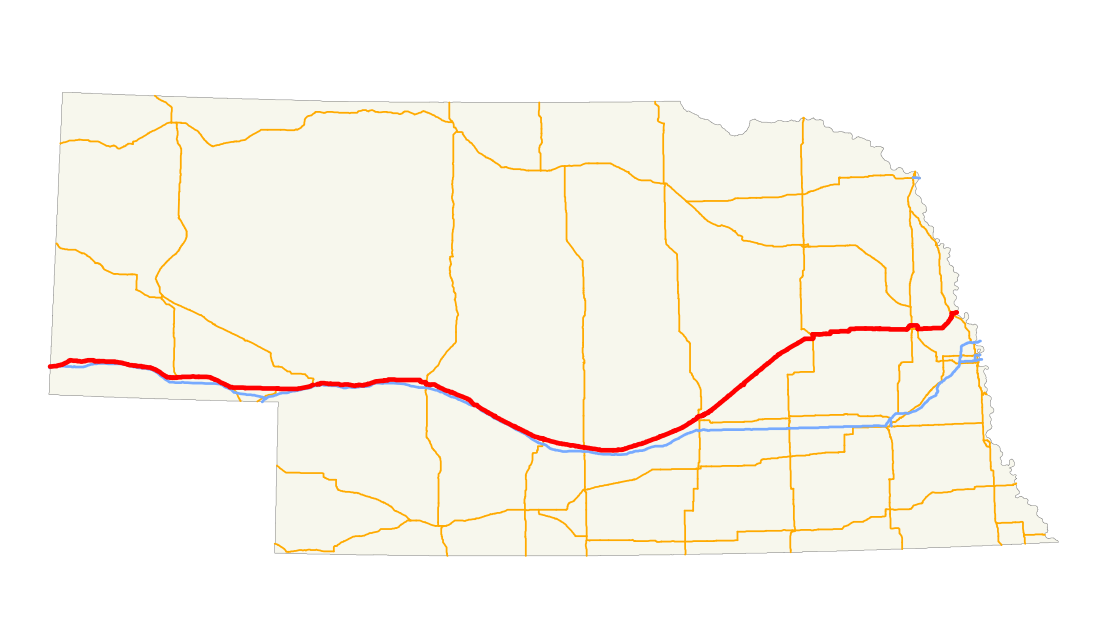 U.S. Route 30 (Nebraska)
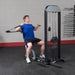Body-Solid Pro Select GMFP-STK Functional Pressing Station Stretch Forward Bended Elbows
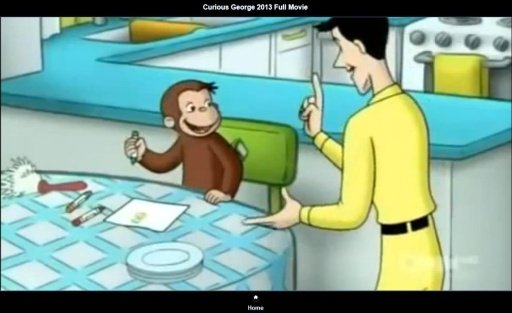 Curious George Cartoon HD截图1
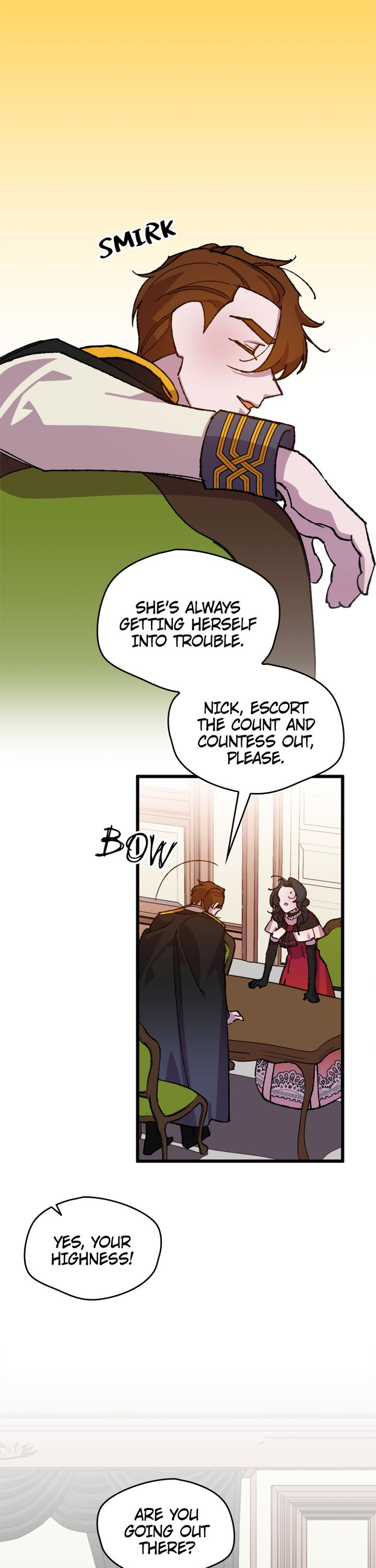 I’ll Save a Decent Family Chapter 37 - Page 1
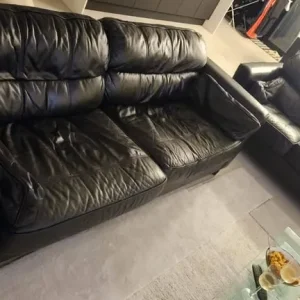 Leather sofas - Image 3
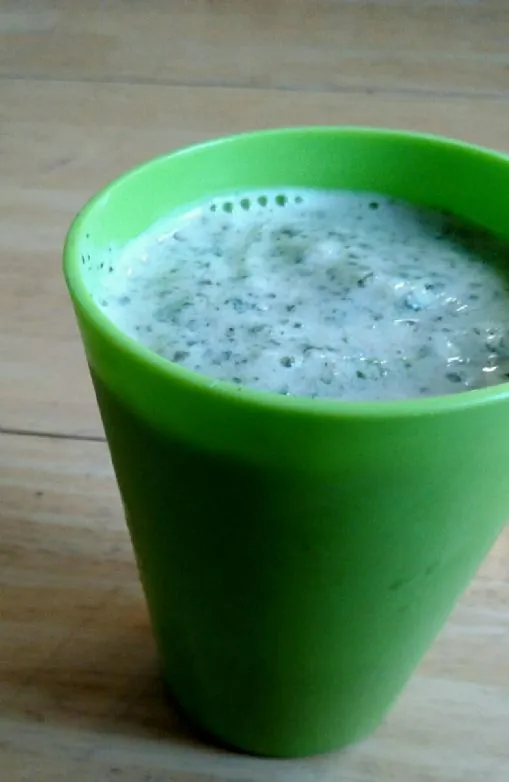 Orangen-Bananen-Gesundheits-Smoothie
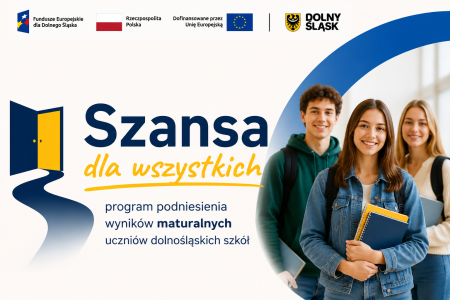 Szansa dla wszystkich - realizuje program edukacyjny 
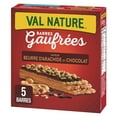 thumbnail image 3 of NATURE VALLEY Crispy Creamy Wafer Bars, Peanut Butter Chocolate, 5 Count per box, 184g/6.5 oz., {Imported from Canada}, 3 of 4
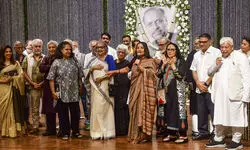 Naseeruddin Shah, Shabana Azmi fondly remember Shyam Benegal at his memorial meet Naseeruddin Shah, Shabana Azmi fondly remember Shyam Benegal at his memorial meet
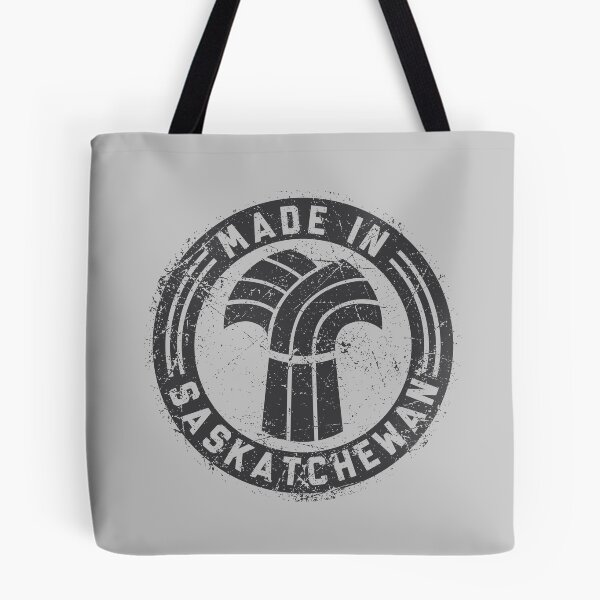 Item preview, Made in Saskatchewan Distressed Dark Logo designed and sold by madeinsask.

— Required action —
Pictures should be omitted. Please return exactly the lines from the line that holds "Curious George Cartoon HD截图1" through the end of the records.

— Answer space —
 Curious George Cartoon HD截图1
 I’ll Save a Decent Family Chapter 37 - Page 1
 Leather sofas - Image 3
 Orangen-Bananen-Gesundheits-Smoothie
 Szansa dla wszystkich - realizuje program edukacyjny 
 thumbnail image 3 of NATURE VALLEY Crispy Creamy Wafer Bars, Peanut Butter Chocolate, 5 Count per box, 184g/6.5 oz., {Imported from Canada}, 3 of 4
 Naseeruddin Shah, Shabana Azmi fondly remember Shyam Benegal at his memorial meet Naseeruddin Shah, Shabana Azmi fondly remember Shyam Benegal at his memorial meet
 Item preview, Made in Saskatchewan Distressed Dark Logo designed and sold by madeinsask.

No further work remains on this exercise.